A light of hope in the treatment of pancreatic cancer, one of the most aggressive.
Researchers identified the molecular signature of a tumor in order to offer the patient a more adapted and therefore more effective treatment.
The fight against cancer is constant and thanks to medical advances it does not end. Well, scientific advances have achieved therapies more efficient, nanotechnology and even vaccines against tumors in the near future, the situation may be about to take a turn.
Cancer is the second leading cause of death in the world and in recent decades they have seen how this disease takes more and more lives, but also how advances in science and technology allow, more and more often, not having cancer it is synonymous with death.
Advances in immunotherapy
Important developments have been demonstrated in medicines used in immunotherapy, which prepare the immune system to recognize and destroy cancer cells.

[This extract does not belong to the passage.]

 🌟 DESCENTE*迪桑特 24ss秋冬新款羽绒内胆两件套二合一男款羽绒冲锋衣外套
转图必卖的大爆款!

These advances have made it possible to treat cancers that could not be cured in the last decade. However, it must be borne in mind that it is a therapy that depends on the types of cancer you face and that it works only in about a quarter of patients.
Research centers have focused on “increasing the percentage of patients with a significant response to immunotherapy,” according to Christophe Le Tourneau, director of the clinical research from the Curie Institute in France.

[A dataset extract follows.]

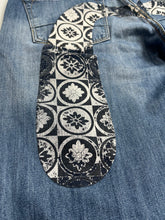 Load image into Gallery viewer, Evisu Faded Denim Shorts 34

One of the promising advances is the development of antibodies capable of recognizing a specific protein in cancer cells “that could help the body to destroy these cells,” Axel Kahn, president of the French League Against Cancer, told AFP.
Studies have also focused on immunotherapy after chemotherapy. Initial treatment creates mutations in cancer cells that can be detected more easily by the immune system and then tackle them.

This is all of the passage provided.